How to Improve Email Deliverability in 2026: Stop Fighting for the Inbox and Start Earning It

Authentication is the minimum bar to avoid rejection — not a path to the inbox. The three levers that actually move deliverability: permission before the first send, continuous engagement monitoring with automatic suppression, and infrastructure that doesn't punish you for other senders' behavior.

Abstract illustration of an email envelope rising upward through layered filters toward a glowing inbox, symbolizing earned deliverability

You did everything right. You set up DKIM. You verified your domain. You wrote a clean SPF record, layered DMARC on top, and kept your recipient list tidy by hand. And your password-reset emails still land in spam.

The instinct, at this point, is to look for another DNS record to fix. To re-read the Postmark blog. To check whether the alignment mode in your DMARC policy is relaxed when it should be strict. That instinct is wrong — or, more precisely, it ran out of useful work several steps ago.

Deliverability is not a configuration problem. It is a reputation problem. And reputation is not something you configure once and forget; it is something you earn, continuously, through the behavior of the people who receive your mail. The authentication checklist is the floor. Everything that actually decides whether you reach the inbox happens after the SMTP handshake.

Why the Standard Advice Isn’t Enough Anymore

The checklist is necessary. It is also not differentiating. DKIM, SPF, DMARC, a custom sending domain, sane bounce handling — every credible email provider can set this up for you, and many will do it automatically. That is not the interesting part. Mailbox providers treat authentication as a precondition for being considered at all, not as a signal of trustworthiness. A spammer can pass DKIM.

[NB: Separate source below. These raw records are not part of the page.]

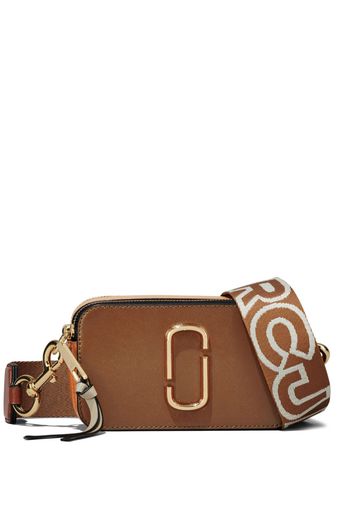 Marc Jacobs The Snapshot crossbody bag - 213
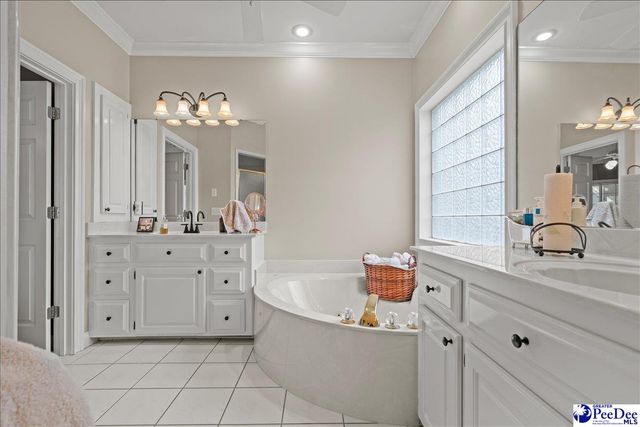 720 Prince Alston Cove, Florence, SC 29501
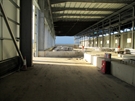 Bio Drying South Precast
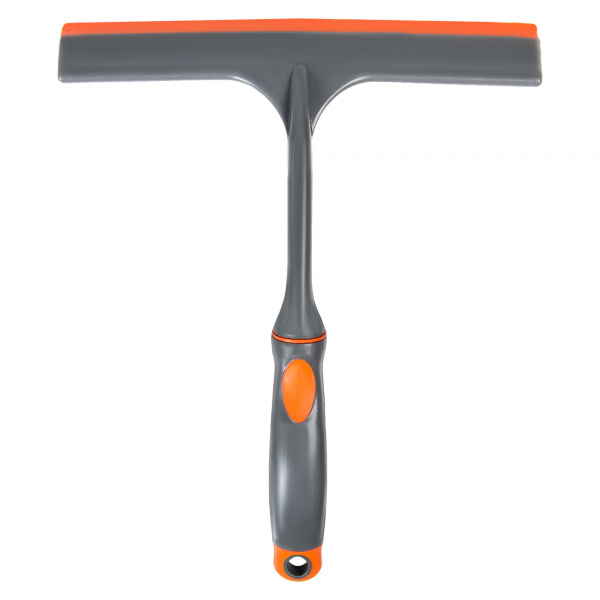 f72c575180fc46209d5129fcee288857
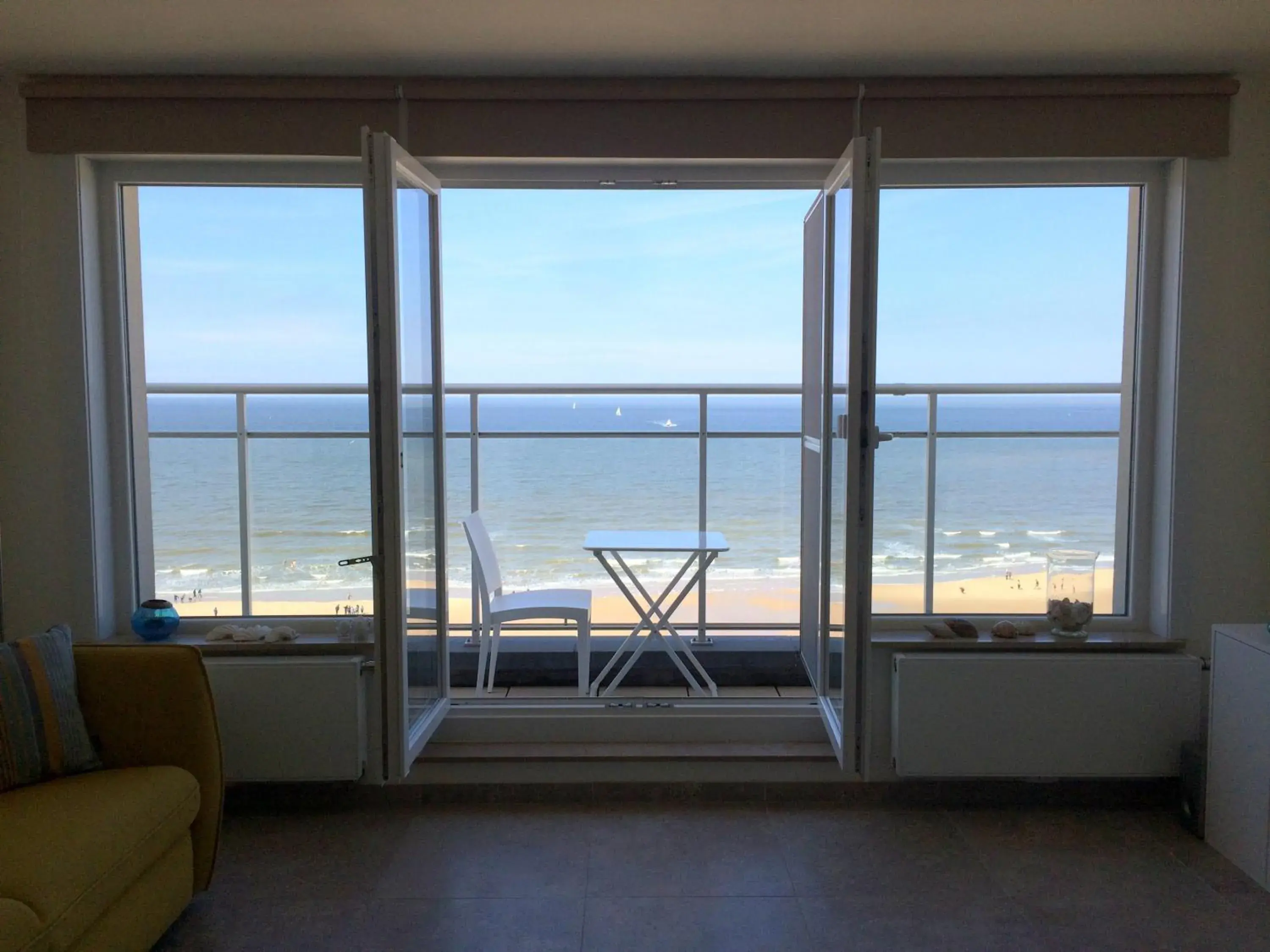 appartement seafront appartement seafront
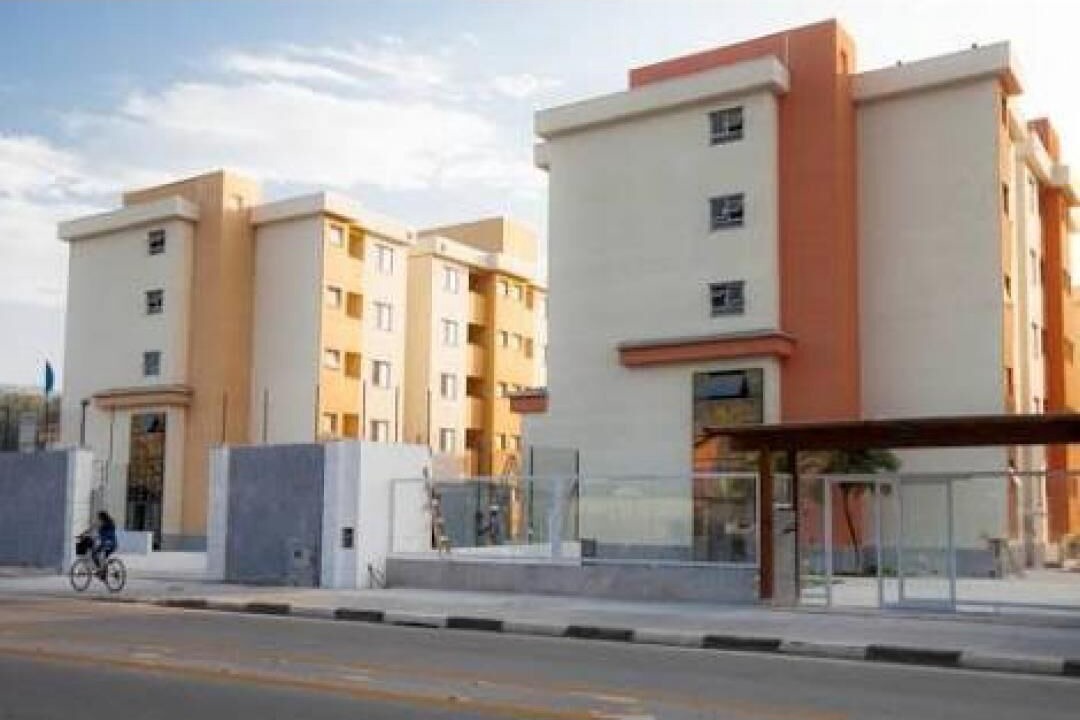 Photo of Outdoor in Ipiranguinha
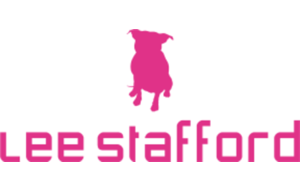 Lee Stafford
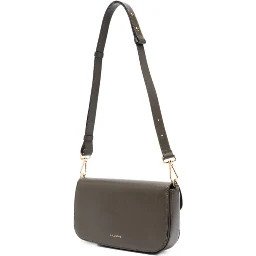 COCCINELLE Bags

The more uncomfortable problem is structural. Most email API customers share IP pools with thousands of other senders, and they do not get to choose who those other senders are. Some of them have poor list hygiene. Some buy lists. Some are running outright abuse campaigns until the provider catches them. While they are sending, every sender in the pool pays — through higher spam placement rates, throttling, and occasional blocks. Everyone’s reputation rises and falls together, so good senders end up paying for bad senders’ mistakes.

This is not an accident of how the market evolved. It is baked into the pricing. SendGrid’s Essentials plan starts at $19.95/month (up to 100,000 emails); serious 100K usage typically pushes customers onto Pro at $89.95/month. Mailgun charges around $75 at 100K. Postmark sits at roughly $134. Resend lands at $35. Those prices, in part, absorb the cost of cold-email abuse across the shared pool — complaint handling, reputation remediation, abuse-team overhead. Every customer pays for those problems whether or not they cause them.

The 2026 context makes this worse, not better. Gmail and Yahoo tightened bulk sender requirements in February 2024 — for senders sending 5,000 or more messages per day to personal Gmail or Yahoo accounts, one-click unsubscribe headers (RFC 8058), stricter authentication enforcement, and a spam-complaint rate kept under roughly 0.3% are now mandatory. Google escalated enforcement through 2025, moving from temporary delays toward outright rejections for repeat offenders. The direction of travel is toward stricter enforcement, not looser. Passing authentication is increasingly the minimum bar to avoid outright rejection — not a path to the inbox.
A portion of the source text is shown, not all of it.